__WHAT TO WORK ON__. The reply should return the data in full, exactly as written.

__RECORDS__.

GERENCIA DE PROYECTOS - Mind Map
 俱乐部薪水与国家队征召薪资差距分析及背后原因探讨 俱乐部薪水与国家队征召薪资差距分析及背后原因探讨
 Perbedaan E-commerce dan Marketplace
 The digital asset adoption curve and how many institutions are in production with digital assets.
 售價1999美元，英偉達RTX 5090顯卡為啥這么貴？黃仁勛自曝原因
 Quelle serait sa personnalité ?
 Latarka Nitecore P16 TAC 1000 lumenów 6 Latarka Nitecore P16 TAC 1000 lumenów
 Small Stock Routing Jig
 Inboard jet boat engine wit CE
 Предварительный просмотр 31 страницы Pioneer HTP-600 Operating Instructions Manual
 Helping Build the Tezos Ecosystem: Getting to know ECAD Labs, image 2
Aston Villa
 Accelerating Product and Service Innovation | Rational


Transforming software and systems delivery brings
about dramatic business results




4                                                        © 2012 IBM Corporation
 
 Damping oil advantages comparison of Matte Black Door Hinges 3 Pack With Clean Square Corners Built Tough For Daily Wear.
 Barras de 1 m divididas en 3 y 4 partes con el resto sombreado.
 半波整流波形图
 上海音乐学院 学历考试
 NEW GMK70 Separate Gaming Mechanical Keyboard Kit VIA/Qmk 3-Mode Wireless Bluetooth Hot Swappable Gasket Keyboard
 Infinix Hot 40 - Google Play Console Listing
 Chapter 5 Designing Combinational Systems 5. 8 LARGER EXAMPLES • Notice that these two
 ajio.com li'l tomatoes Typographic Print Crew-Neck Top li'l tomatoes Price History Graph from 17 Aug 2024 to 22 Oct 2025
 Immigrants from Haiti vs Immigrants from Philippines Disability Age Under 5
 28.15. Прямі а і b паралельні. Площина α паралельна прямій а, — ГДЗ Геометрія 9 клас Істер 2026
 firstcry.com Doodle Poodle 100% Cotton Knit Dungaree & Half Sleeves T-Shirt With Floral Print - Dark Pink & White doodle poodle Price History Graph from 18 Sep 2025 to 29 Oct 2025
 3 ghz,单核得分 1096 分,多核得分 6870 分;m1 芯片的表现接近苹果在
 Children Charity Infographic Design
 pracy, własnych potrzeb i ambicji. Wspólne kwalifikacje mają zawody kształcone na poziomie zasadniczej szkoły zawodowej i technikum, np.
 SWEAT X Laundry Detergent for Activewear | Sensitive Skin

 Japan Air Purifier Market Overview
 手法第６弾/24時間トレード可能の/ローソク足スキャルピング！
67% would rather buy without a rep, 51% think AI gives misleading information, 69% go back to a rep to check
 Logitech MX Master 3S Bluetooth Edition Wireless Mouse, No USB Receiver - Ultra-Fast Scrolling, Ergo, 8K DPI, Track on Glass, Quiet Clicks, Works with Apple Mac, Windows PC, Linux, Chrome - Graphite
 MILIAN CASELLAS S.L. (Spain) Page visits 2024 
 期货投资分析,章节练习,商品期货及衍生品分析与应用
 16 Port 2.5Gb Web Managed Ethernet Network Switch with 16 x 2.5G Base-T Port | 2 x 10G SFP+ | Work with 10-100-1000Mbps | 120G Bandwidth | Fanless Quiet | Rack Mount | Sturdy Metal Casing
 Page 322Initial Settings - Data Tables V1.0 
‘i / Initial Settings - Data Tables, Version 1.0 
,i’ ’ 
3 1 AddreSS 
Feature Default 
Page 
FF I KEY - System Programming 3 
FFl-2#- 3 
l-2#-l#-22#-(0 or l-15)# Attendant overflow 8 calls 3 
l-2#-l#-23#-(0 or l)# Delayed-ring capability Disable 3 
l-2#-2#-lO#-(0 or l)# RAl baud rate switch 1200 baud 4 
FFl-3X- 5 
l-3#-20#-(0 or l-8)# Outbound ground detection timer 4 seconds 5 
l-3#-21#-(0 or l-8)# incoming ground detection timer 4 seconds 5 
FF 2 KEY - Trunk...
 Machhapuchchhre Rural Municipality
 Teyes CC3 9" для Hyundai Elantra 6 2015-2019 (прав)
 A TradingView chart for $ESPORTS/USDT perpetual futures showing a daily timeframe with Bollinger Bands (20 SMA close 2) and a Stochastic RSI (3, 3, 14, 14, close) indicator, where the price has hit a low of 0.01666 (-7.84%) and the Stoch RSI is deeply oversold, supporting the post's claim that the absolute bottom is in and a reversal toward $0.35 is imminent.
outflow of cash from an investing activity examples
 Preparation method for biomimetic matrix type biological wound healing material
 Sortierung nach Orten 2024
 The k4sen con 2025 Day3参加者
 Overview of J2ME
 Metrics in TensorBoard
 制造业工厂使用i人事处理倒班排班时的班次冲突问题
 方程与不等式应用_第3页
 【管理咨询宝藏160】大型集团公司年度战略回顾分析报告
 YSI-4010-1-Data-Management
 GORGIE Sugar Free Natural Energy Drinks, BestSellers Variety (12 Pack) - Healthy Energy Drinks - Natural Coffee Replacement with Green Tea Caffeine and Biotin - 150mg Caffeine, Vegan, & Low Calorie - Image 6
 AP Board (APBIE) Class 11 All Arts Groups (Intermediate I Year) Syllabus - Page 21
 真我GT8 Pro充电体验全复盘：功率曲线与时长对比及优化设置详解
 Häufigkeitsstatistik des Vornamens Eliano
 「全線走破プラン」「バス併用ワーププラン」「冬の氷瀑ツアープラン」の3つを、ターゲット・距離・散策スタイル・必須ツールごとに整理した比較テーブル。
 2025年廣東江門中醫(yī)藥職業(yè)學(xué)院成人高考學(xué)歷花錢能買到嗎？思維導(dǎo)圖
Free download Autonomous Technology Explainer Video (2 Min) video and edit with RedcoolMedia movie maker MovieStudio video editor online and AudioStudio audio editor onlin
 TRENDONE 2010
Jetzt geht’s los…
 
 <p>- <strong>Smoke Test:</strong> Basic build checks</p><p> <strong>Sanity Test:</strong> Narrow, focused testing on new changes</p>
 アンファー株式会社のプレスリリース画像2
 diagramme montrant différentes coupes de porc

__SOLVED PROBLEM__.
GERENCIA DE PROYECTOS - Mind Map
 俱乐部薪水与国家队征召薪资差距分析及背后原因探讨 俱乐部薪水与国家队征召薪资差距分析及背后原因探讨
 Perbedaan E-commerce dan Marketplace
 The digital asset adoption curve and how many institutions are in production with digital assets.
 售價1999美元，英偉達RTX 5090顯卡為啥這么貴？黃仁勛自曝原因
 Quelle serait sa personnalité ?
 Latarka Nitecore P16 TAC 1000 lumenów 6 Latarka Nitecore P16 TAC 1000 lumenów
 Small Stock Routing Jig
 Inboard jet boat engine wit CE
 Предварительный просмотр 31 страницы Pioneer HTP-600 Operating Instructions Manual
 Helping Build the Tezos Ecosystem: Getting to know ECAD Labs, image 2
Aston Villa
 Accelerating Product and Service Innovation | Rational


Transforming software and systems delivery brings
about dramatic business results




4                                                        © 2012 IBM Corporation
 
 Damping oil advantages comparison of Matte Black Door Hinges 3 Pack With Clean Square Corners Built Tough For Daily Wear.
 Barras de 1 m divididas en 3 y 4 partes con el resto sombreado.
 半波整流波形图
 上海音乐学院 学历考试
 NEW GMK70 Separate Gaming Mechanical Keyboard Kit VIA/Qmk 3-Mode Wireless Bluetooth Hot Swappable Gasket Keyboard
 Infinix Hot 40 - Google Play Console Listing
 Chapter 5 Designing Combinational Systems 5. 8 LARGER EXAMPLES • Notice that these two
 ajio.com li'l tomatoes Typographic Print Crew-Neck Top li'l tomatoes Price History Graph from 17 Aug 2024 to 22 Oct 2025
 Immigrants from Haiti vs Immigrants from Philippines Disability Age Under 5
 28.15. Прямі а і b паралельні. Площина α паралельна прямій а, — ГДЗ Геометрія 9 клас Істер 2026
 firstcry.com Doodle Poodle 100% Cotton Knit Dungaree & Half Sleeves T-Shirt With Floral Print - Dark Pink & White doodle poodle Price History Graph from 18 Sep 2025 to 29 Oct 2025
 3 ghz,单核得分 1096 分,多核得分 6870 分;m1 芯片的表现接近苹果在
 Children Charity Infographic Design
 pracy, własnych potrzeb i ambicji. Wspólne kwalifikacje mają zawody kształcone na poziomie zasadniczej szkoły zawodowej i technikum, np.
 SWEAT X Laundry Detergent for Activewear | Sensitive Skin

 Japan Air Purifier Market Overview
 手法第６弾/24時間トレード可能の/ローソク足スキャルピング！
67% would rather buy without a rep, 51% think AI gives misleading information, 69% go back to a rep to check
 Logitech MX Master 3S Bluetooth Edition Wireless Mouse, No USB Receiver - Ultra-Fast Scrolling, Ergo, 8K DPI, Track on Glass, Quiet Clicks, Works with Apple Mac, Windows PC, Linux, Chrome - Graphite
 MILIAN CASELLAS S.L. (Spain) Page visits 2024 
 期货投资分析,章节练习,商品期货及衍生品分析与应用
 16 Port 2.5Gb Web Managed Ethernet Network Switch with 16 x 2.5G Base-T Port | 2 x 10G SFP+ | Work with 10-100-1000Mbps | 120G Bandwidth | Fanless Quiet | Rack Mount | Sturdy Metal Casing
 Page 322Initial Settings - Data Tables V1.0 
‘i / Initial Settings - Data Tables, Version 1.0 
,i’ ’ 
3 1 AddreSS 
Feature Default 
Page 
FF I KEY - System Programming 3 
FFl-2#- 3 
l-2#-l#-22#-(0 or l-15)# Attendant overflow 8 calls 3 
l-2#-l#-23#-(0 or l)# Delayed-ring capability Disable 3 
l-2#-2#-lO#-(0 or l)# RAl baud rate switch 1200 baud 4 
FFl-3X- 5 
l-3#-20#-(0 or l-8)# Outbound ground detection timer 4 seconds 5 
l-3#-21#-(0 or l-8)# incoming ground detection timer 4 seconds 5 
FF 2 KEY - Trunk...
 Machhapuchchhre Rural Municipality
 Teyes CC3 9" для Hyundai Elantra 6 2015-2019 (прав)
 A TradingView chart for $ESPORTS/USDT perpetual futures showing a daily timeframe with Bollinger Bands (20 SMA close 2) and a Stochastic RSI (3, 3, 14, 14, close) indicator, where the price has hit a low of 0.01666 (-7.84%) and the Stoch RSI is deeply oversold, supporting the post's claim that the absolute bottom is in and a reversal toward $0.35 is imminent.
outflow of cash from an investing activity examples
 Preparation method for biomimetic matrix type biological wound healing material
 Sortierung nach Orten 2024
 The k4sen con 2025 Day3参加者
 Overview of J2ME
 Metrics in TensorBoard
 制造业工厂使用i人事处理倒班排班时的班次冲突问题
 方程与不等式应用_第3页
 【管理咨询宝藏160】大型集团公司年度战略回顾分析报告
 YSI-4010-1-Data-Management
 GORGIE Sugar Free Natural Energy Drinks, BestSellers Variety (12 Pack) - Healthy Energy Drinks - Natural Coffee Replacement with Green Tea Caffeine and Biotin - 150mg Caffeine, Vegan, & Low Calorie - Image 6
 AP Board (APBIE) Class 11 All Arts Groups (Intermediate I Year) Syllabus - Page 21
 真我GT8 Pro充电体验全复盘：功率曲线与时长对比及优化设置详解
 Häufigkeitsstatistik des Vornamens Eliano
 「全線走破プラン」「バス併用ワーププラン」「冬の氷瀑ツアープラン」の3つを、ターゲット・距離・散策スタイル・必須ツールごとに整理した比較テーブル。
 2025年廣東江門中醫(yī)藥職業(yè)學(xué)院成人高考學(xué)歷花錢能買到嗎？思維導(dǎo)圖
Free download Autonomous Technology Explainer Video (2 Min) video and edit with RedcoolMedia movie maker MovieStudio video editor online and AudioStudio audio editor onlin
 TRENDONE 2010
Jetzt geht’s los…
 
 <p>- <strong>Smoke Test:</strong> Basic build checks</p><p> <strong>Sanity Test:</strong> Narrow, focused testing on new changes</p>
 アンファー株式会社のプレスリリース画像2
 diagramme montrant différentes coupes de porc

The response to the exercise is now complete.